It is important to note that the cost data used here to estimate dietary costs were developed by aggregating across all prices recorded in the year to give individual foods a cost per 100 g, which may mean that the combinations of individual food costs used here are not those faced by any particular group or individual, and they are certainly not the lowest prices available. However, these data are based on actual expenditures, reflecting consumer food choices, and should be neither regionally nor seasonally biased. This is a methodological advance over most studies, which tend to use food prices collected using a convenience sample from a single location and/or over a limited time period, often ignoring sale or promotional prices( Reference Monsivais, Perrigue and Adams 38 ). The resulting dietary cost estimates are comparable with national data on household food expenditure, given the difference in measurement methods and data collection period. Data from the UK’s 2010 Living Costs and Food Survey (the year most appropriate for comparison with the data used here) reported a mean diet cost of £4·89/2000 kcal( 39 ), 12 % lower than the mean price reported here of £5·54/2000 kcal.

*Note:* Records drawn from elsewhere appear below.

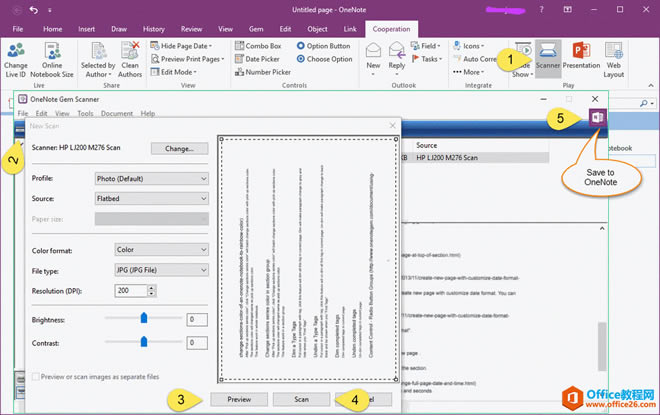 OneNote 2016 ��λָ�ɨ��ͼ����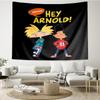 Friendship Laughter Arnold Quick-Dry Tapestry Hanging for Bedroom,Livingroom, Playroom,Decor Art Room Wall Tapestry Holiday and Birthday Gifts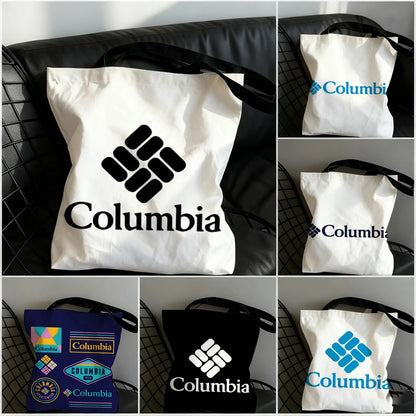 Classic Canvas Tote Bag - Large Capacity Double-Sided Print Shoulder Shopping Bag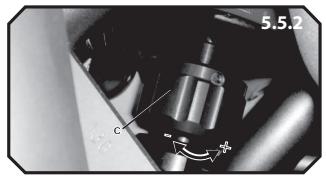 BENELLI R160 - Dispositif de réglage hydraulique de freinage de la compression de la suspension arrière. - 2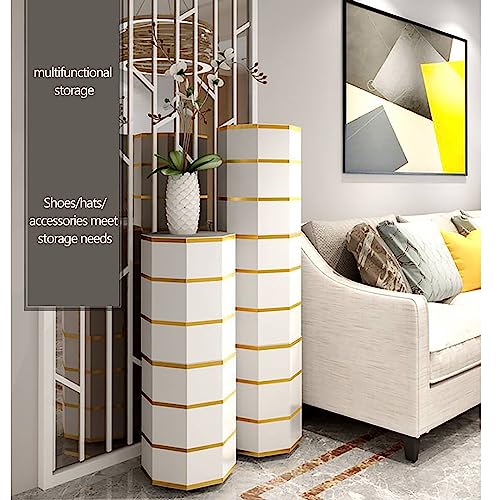 Rotating Shoe Rack Tower 360° Rotating Shoe Cabinet Round Shoe Rack Organizer Tower Staircase Storage Vertical Shoe Rack V993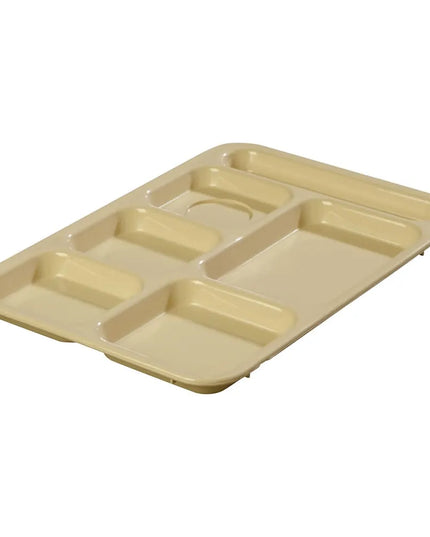 Khay Nhựa Chữ Nhật Carlisle 614R25 6 Ngăn 36.5 x 25.4 cm Vàng Tan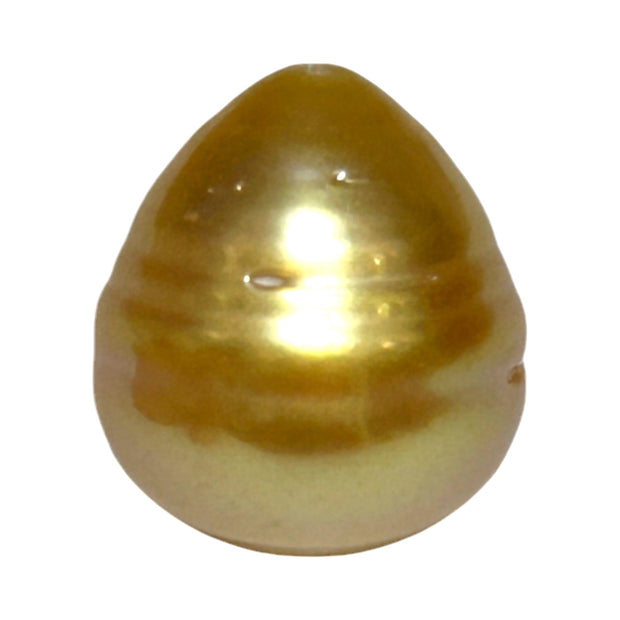 Giant Oval 16.4 x 18mm Deep Gold Philippines South Sea Loose Pearl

It should be noted that the cost estimates presented in the current study did not account for the higher cost of foods and drinks purchased in restaurants and other out-of-home outlets. If accounted for, this would have increased the cost of diets that contained more out-of-home meals, which, by extension, would also have less-favourable nutritional characteristics( Reference Lachat, Nago and Verstraeten 40 ). The implication for our results is that accounting for the higher cost of out-of-home foods and beverages would have likely attenuated the association between measures of dietary quality and cost.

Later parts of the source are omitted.